### Available data

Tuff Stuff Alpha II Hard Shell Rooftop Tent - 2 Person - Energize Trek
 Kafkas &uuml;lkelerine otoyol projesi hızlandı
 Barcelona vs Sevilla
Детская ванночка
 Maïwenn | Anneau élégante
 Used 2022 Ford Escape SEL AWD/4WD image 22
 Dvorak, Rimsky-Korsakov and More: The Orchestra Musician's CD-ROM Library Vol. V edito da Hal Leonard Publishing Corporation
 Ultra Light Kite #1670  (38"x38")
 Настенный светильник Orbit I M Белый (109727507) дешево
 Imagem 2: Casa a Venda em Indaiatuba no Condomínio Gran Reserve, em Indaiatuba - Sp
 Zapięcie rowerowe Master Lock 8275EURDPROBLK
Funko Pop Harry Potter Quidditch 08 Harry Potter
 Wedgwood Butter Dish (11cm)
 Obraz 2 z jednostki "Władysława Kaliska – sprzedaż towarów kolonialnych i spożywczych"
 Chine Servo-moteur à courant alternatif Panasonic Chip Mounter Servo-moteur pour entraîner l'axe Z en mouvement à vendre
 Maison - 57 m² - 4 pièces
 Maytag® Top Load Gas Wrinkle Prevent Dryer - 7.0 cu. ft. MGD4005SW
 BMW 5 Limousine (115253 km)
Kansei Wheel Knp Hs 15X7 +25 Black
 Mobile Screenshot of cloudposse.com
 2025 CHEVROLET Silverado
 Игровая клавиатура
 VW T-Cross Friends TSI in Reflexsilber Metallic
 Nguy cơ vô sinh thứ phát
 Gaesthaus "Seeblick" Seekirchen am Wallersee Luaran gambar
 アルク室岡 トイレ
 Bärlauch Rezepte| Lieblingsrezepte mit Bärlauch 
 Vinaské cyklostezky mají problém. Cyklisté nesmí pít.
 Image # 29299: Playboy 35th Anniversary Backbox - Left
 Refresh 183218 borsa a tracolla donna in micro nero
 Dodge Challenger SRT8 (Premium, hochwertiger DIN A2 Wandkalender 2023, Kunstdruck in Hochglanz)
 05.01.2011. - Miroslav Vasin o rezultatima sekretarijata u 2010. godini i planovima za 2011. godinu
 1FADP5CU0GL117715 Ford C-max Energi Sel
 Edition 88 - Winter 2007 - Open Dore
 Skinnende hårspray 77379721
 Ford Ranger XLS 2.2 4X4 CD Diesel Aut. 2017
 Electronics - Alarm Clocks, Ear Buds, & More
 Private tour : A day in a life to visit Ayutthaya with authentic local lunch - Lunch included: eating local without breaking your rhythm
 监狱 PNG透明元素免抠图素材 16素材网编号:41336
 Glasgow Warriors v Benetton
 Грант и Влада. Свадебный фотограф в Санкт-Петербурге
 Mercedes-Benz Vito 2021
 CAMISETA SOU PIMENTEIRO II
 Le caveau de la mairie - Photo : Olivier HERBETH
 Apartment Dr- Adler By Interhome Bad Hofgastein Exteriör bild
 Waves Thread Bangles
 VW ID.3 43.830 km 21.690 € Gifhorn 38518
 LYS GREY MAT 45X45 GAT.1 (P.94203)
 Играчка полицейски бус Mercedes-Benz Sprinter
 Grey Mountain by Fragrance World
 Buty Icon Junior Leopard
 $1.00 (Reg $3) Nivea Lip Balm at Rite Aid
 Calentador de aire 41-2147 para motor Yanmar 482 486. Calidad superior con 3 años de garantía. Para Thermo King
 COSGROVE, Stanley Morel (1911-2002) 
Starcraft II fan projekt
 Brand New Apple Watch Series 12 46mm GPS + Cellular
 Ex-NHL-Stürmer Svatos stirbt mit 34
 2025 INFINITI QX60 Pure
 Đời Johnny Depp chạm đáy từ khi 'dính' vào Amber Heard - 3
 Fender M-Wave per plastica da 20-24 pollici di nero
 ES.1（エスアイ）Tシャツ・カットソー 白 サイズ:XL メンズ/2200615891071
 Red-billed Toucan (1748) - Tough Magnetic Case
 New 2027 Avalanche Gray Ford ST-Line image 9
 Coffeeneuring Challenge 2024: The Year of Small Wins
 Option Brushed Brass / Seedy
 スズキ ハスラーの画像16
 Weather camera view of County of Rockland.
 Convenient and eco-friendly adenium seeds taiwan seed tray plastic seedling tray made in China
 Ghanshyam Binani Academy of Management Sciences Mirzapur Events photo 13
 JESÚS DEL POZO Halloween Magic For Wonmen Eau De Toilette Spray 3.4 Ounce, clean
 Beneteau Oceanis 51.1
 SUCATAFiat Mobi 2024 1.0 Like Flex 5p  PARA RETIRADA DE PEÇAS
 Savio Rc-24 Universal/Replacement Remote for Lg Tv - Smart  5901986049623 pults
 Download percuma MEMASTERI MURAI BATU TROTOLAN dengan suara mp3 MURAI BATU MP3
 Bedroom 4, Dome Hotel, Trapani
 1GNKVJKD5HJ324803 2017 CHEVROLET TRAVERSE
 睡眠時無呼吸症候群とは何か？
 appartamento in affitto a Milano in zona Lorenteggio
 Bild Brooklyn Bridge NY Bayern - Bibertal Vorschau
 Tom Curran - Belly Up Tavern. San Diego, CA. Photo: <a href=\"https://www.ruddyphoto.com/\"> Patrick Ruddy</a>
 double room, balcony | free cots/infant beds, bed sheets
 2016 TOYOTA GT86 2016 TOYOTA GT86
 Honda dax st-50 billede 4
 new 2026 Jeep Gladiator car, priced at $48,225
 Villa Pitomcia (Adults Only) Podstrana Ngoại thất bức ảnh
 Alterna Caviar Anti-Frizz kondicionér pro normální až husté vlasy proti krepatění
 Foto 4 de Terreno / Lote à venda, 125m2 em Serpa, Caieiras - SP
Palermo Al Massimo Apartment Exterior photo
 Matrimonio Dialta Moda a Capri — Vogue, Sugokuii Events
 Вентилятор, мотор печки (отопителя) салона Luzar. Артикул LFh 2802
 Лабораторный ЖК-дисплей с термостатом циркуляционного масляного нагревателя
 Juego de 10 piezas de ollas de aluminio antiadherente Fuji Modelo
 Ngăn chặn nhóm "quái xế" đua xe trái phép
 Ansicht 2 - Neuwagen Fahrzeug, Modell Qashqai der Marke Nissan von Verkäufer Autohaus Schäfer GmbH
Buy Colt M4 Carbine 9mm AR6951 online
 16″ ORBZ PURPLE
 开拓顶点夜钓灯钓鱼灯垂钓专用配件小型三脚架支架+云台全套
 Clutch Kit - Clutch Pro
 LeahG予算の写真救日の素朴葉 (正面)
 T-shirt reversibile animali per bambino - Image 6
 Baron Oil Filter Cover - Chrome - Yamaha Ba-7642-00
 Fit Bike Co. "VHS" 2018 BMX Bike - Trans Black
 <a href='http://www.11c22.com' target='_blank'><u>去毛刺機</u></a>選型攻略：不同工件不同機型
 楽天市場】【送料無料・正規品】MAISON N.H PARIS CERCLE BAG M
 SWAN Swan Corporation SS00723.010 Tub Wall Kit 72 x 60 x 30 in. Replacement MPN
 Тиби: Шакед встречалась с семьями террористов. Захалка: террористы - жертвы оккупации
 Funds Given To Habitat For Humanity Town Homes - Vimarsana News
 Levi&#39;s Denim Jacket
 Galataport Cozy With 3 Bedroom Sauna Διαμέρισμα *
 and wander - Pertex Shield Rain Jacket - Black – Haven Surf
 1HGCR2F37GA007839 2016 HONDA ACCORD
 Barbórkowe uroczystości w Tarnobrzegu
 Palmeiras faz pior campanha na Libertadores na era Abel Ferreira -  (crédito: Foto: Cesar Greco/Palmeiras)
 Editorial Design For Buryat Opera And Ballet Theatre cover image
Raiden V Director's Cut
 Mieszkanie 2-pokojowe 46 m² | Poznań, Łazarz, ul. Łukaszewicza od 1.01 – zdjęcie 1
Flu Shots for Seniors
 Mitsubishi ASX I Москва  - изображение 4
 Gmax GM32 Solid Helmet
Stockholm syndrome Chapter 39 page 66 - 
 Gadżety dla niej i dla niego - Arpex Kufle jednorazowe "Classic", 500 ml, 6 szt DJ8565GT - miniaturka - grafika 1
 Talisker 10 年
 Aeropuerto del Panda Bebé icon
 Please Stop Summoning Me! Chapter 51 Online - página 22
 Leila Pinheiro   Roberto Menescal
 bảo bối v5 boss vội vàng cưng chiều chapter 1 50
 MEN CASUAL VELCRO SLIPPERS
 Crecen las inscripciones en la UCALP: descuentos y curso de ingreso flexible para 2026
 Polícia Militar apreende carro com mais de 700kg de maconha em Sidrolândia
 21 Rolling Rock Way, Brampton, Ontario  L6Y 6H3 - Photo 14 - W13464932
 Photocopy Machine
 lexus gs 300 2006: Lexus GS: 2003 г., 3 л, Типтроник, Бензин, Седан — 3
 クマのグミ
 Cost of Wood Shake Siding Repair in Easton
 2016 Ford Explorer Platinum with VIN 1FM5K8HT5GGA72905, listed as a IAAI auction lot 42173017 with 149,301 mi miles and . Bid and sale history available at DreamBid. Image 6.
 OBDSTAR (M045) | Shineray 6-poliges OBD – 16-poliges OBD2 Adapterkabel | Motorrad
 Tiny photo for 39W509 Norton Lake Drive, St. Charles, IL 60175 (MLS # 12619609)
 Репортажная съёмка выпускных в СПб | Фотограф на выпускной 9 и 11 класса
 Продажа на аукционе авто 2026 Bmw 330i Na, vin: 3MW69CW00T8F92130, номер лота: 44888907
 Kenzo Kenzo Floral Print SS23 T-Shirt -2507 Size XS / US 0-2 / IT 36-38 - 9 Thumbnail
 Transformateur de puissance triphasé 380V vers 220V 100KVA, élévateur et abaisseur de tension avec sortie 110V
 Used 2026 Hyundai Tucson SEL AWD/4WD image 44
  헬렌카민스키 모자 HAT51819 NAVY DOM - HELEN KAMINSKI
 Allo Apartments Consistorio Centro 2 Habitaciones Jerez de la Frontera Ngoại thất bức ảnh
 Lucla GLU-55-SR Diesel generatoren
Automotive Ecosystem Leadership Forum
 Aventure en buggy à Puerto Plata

### To do
Beginning at the line above that contains "Bild Brooklyn Bridge", return each line exactly through the line that contains "Foto 4 de Terreno", and no others.

### Answer box
 Bild Brooklyn Bridge NY Bayern - Bibertal Vorschau
 Tom Curran - Belly Up Tavern. San Diego, CA. Photo: <a href=\"https://www.ruddyphoto.com/\"> Patrick Ruddy</a>
 double room, balcony | free cots/infant beds, bed sheets
 2016 TOYOTA GT86 2016 TOYOTA GT86
 Honda dax st-50 billede 4
 new 2026 Jeep Gladiator car, priced at $48,225
 Villa Pitomcia (Adults Only) Podstrana Ngoại thất bức ảnh
 Alterna Caviar Anti-Frizz kondicionér pro normální až husté vlasy proti krepatění
 Foto 4 de Terreno / Lote à venda, 125m2 em Serpa, Caieiras - SP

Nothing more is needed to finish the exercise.